In my opinion, the district court’s decision was a function of how the Association argued for appraisal. The Association argued that the dispute over repair to the north and east sides involved causation—whether the aesthetic mismatch can be said to have been caused by the hail storm and causation cannot be distinguished from loss amount. The district court disagreed, reasoning there was no causation issue. The hail storm physically damaged two sides, requiring their repair and those two sides no longer matched the two other sides. The only question was coverage—whether this mismatch is a loss within the meaning of the policy. Because the only question concerned coverage, the district court concluded that the dispute was not subject to appraisal.

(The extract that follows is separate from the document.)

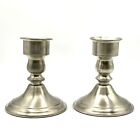Leonard Pewter Candlesticks  Vintage Weighted Candle Holders Made In Bolivia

Instead of a causation argument, a scope of repair argument may have given the Association more traction in its effort to compel appraisal, as was the case recently in Pottenburgh v. Dryden Mutual Insurance Company.2 There, the insured dwelling was damaged by an act of vandalism—vulgarities written in black spray paint in numerous locations of the property. The insured demanded an appraisal but the insurer refused, contending that the insured was seeking payment for replacement of various components of the home that did not sustain direct physical damage in the vandalism incident: a fireplace; siding for the entire garage; a bathroom; and portions of the plumbing and electrical systems. The insurer characterized its objections as constituting issues regarding the scope of coverage that may not be determined in an appraisal.

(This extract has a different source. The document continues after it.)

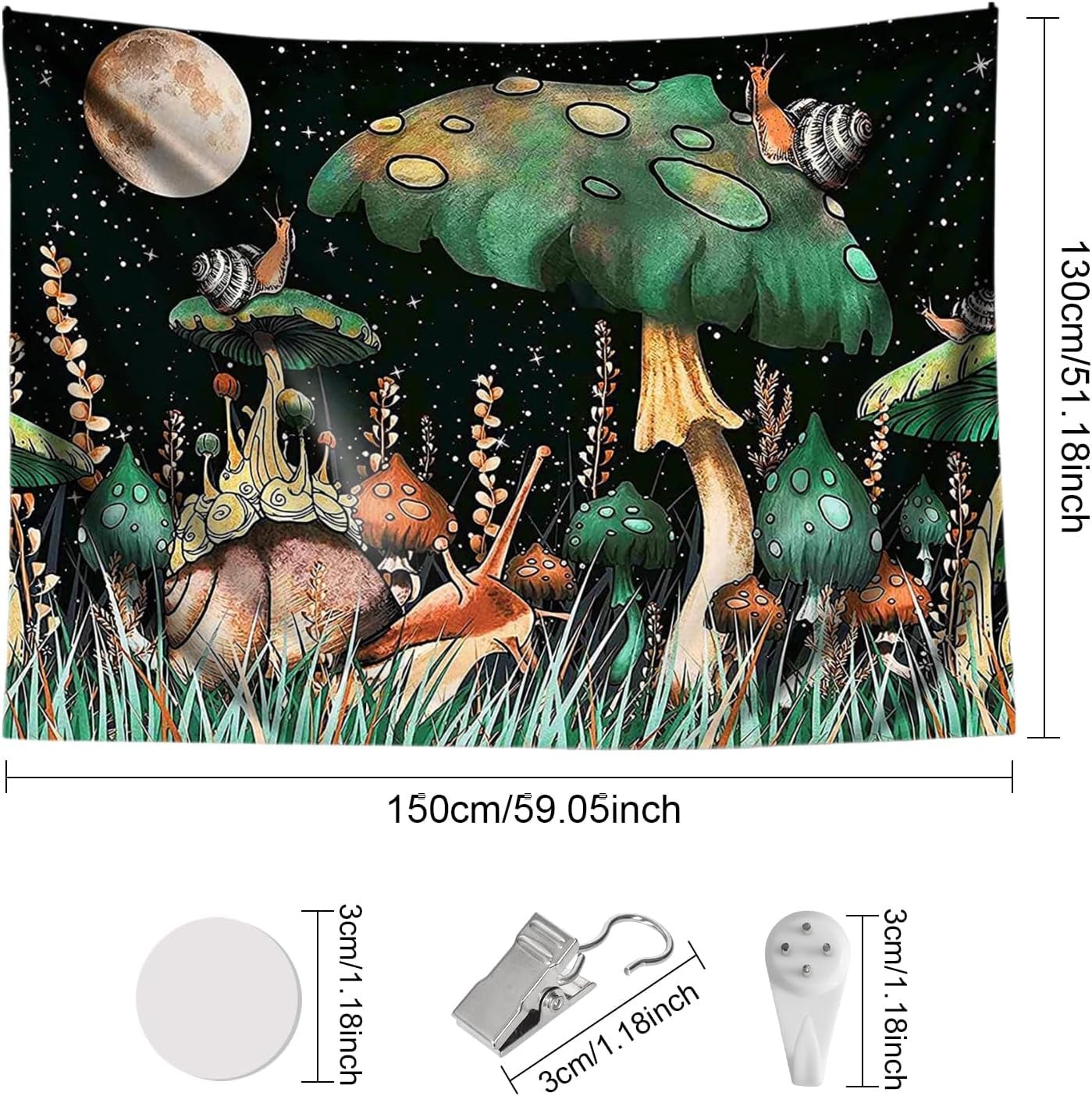 Wandteppich mit Dschungelpilzen und Schnecken aus dem Wald. Zuhause – Accessoires und Dekorationen Naty Shop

The insured subsequently sued, seeking an order compelling appraisal. In support of its petition to compel appraisal, the insured submitted an Affidavit from its public adjuster explaining the basis for the insured’s claims. The public adjuster explained that the insured sought replacement to effect proper repairs to items that were indisputably damaged and asserted that the dispute between the parties involved one of determining the extent and amount of loss. Regarding the fireplace, the public adjuster noted that only the glass doors were damaged, but explained that she included an estimate for replacement of the fireplace because she could not locate an exact match. With respect to the garage siding, the public adjuster acknowledged that only one wall of the garage was vandalized, yet explained that she included an estimate for the garage siding on the remaining walls because it was not possible to purchase siding for installation on the vandalized wall that would match the faded color of the undamaged siding on the remaining walls. Regarding the bathroom and plumbing and electric fixtures, the public adjuster asserted that they would be affected during the repair process.

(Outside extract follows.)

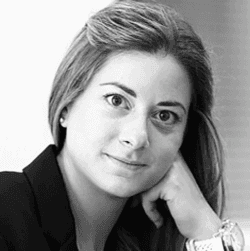 Black and white portrait of Elena Messariti, co-founder of LALU Creative Agency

Reasoning that the scope of repairs made necessary by a covered loss and the cost of any such repairs directly bear upon the amount of the loss, the New York trial court concluded that the parties’ disputes over the extent of work required to repair damage caused by the covered vandalism loss were factual questions that fell squarely within the policy’s appraisal clause. The court ordered the parties to proceed to appraisal.

As the Pottenburgh decision illustrates, a court is more likely to compel appraisal if the parties’ dispute is framed as one over the scope of repair as opposed to one over causation.
1 Windridge of Naperville Condo. Ass’n v. Philadelphia Indem. Ins. Co., No. 16-3860, 2017 WL 372308 (N.D. Ill. Jan. 26, 2017).
2 Pottenburgh v. Dryden Mut. Ins. Co., EF2016-0183, 2017 NY Slip Op 27054, 2017 WL 777607 (N.Y. Sup. Ct. Feb. 28, 2017).